On that Sunday, the sun was behaving in a surprising way. From the early morning, the bright light portended a hotter day than had been forecast. It made Clairie happy. The sun had a positive effect on everyone, and in the afternoon she expected, at the end of a long wait, a visit from Mr. Walser.

As she waited, she went back into her bedroom and straightened the bedsheets again. Her body was occupied by a useful enthusiasm; she can’t stop: she tidies up, cleans, straightens things up, and once again goes over to the mirror.

2

Meanwhile, people are strolling in the city garden, but in a dissolute way, as if bodies were substances that could evaporate. An imposed laziness. It’s Sunday and the sky has behaved impeccably. Nary a cloud to be seen.

Distant friends embrace each other heartily and immediately shake hands. Nothing is blown about by the wind: it blows down from above, caressing men’s faces gently and then moving along. Women can only sense it when they are quiet and motionless: the transitory wind.

The city garden brings the people’s shoes to a halt, while four children transform into innumerable children as they play on the grass, because they never stop moving and are thus difficult to fix in one place. They play, and each marvel is cut short by another marvel; or at least they try to demonstrate that they’re different from the adults. “When you see a body that constantly changes position, you are looking at a child,” says someone. A definition of childhood proffered while this someone puts his hands in his pockets to look for a business card with his name on it. It’s Sunday, but certain friendly contacts may prove useful in one’s profession. Not everything that’s pressing on Sunday is pressing on a weekday, but sometimes there are overlaps, even important ones.
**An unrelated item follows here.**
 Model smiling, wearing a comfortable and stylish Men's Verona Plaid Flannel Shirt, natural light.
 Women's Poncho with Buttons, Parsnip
The city infused with a dense happiness, a kind of controlled exultation that builds in layers, one on top of another.

Just outside the gardens, the city carries on apace with its memory well disposed toward forgiveness. There are only smiles; no one speaks of the past.

The important families of the city alter their routes in order to cross paths with each other.

3

Just over a month had passed since the war ended: Joseph Walser pushed his shoes aside with his foot. He was naked in front of Clairie.

Clairie had gained even more weight during that time, but she hadn’t ceased to arouse Joseph. After some minor advances and retreats Walser was now in Clairie’s house, naked, and exposing his erect penis. The lights had been turned off, at her request. Clairie gripped Joseph’s penis and made vigorous movements. Joseph had already taken off her clothes and was now forcefully grabbing the ample breasts that hung over her stomach. Joseph Walser’s fingers moved, one by one, down the length of her fat breasts, and at times contracted, forcefully gripping the woman’s flesh. Walser’s penis was already buried within her, disappearing into her copious pubic hair, forcefully penetrating into and pulling out of her vagina; his hands squeezed Clairie’s fat legs, as well as the sides of her buttocks. Walser concentrated on the movements of his penis, penetrating and pulling out, and, more aroused every minute, he had started to pull her hair forcefully when he suddenly felt as if he’d been pushed backwards. Clairie was pushing him!